Short descriptive text snippets

* * * * * * * * *

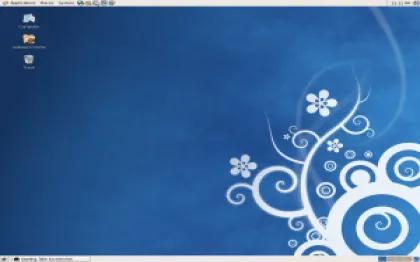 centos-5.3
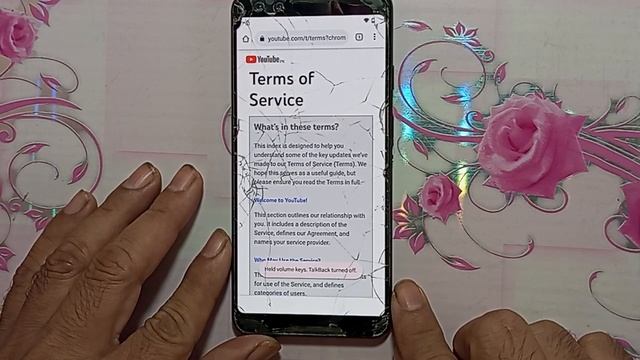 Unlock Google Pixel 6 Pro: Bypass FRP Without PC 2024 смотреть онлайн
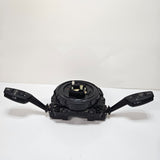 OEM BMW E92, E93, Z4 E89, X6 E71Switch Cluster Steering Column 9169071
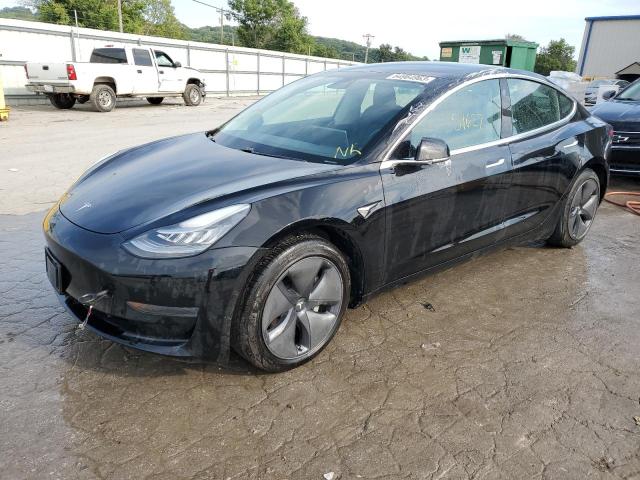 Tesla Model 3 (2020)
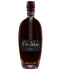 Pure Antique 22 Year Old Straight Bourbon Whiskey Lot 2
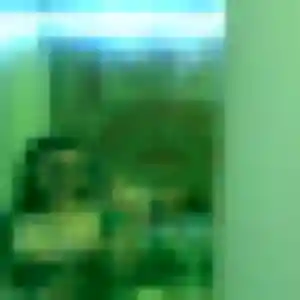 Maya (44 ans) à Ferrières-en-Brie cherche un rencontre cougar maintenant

* * * * * * * * *

**What you are asked to do**
Whenever a line holds a picture, print that line without the picture. All other data must be output exactly.

**Expected answer**
 centos-5.3
 Unlock Google Pixel 6 Pro: Bypass FRP Without PC 2024 смотреть онлайн
 OEM BMW E92, E93, Z4 E89, X6 E71Switch Cluster Steering Column 9169071
 Tesla Model 3 (2020)
 Pure Antique 22 Year Old Straight Bourbon Whiskey Lot 2
 Maya (44 ans) à Ferrières-en-Brie cherche un rencontre cougar maintenant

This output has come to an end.